The former PM said the “entire conduct of Brexit negotiations has been a strategic error”.
And in an extraordinary attack he said her credibility had been “eroded” and had led Tory Brexiteers to conclude that “mutiny is wiser than following the officer class into the abyss”.
But Mr Blair insisted he was “100 per cent on a personal level sympathetic” with the PM.
He welcomed the decisive vote earlier this week that will put Parliament in the driving seat for the future course of Brexit if Mrs May’s deal fails.
Mr Blair declared: “There’s as much leadership on the backbenches as there is on the frontbench.”
The Sun first revealed the Government had secretly discussed pulling next Tuesday’s crucial vote on the Brexit deal because the parliamentary arithmetic was stacked against the PM.
Asked what advice he would give the current Prime Minister on the vote, Mr Blair told Westminster journalists: “I don’t personally think it is very sensible just to plunge along and be defeated very heavily. What does that tell you?”
He added: “I don’t see what the point is in going down to a huge defeat.”
Instead he said the PM must “understand” that she can’t get a majority of MPs to back a single Brexit plan and the only other option is to hold a second referendum to settle the issue “for a generation”.
Mr Blair blasted Mrs May for trying to sell a deal that was “half-in, half-out”, declaring: “Do Brexit or don’t”. And mocking his famous moto, he said: “this time there is no acceptable third way.”

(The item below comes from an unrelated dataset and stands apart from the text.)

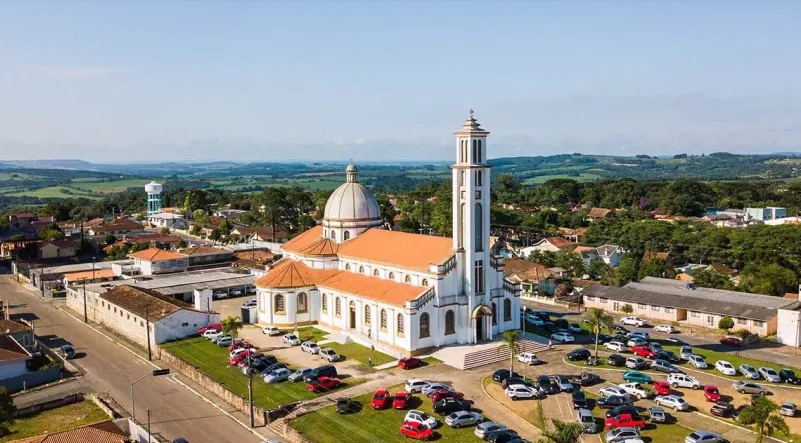  Prefeitura do Paraná abre concurso com salários de até R$ 11,6 mil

A second referendum should be a choice between a Canada-style “proper Brexit” and remaining in the EU “with a renewed offer from Europe” on immigration.
Mr Blair criticised the growing number of Tory and Labour MPs backing a Norway-style EU halfway house where Britain would join the European Free Trade Association.
He said the model would come under “an even greater degree of attack from people who voted Brexit because Britain would have to keep freedom of movement, staying in the single market and tied to EU customs rules.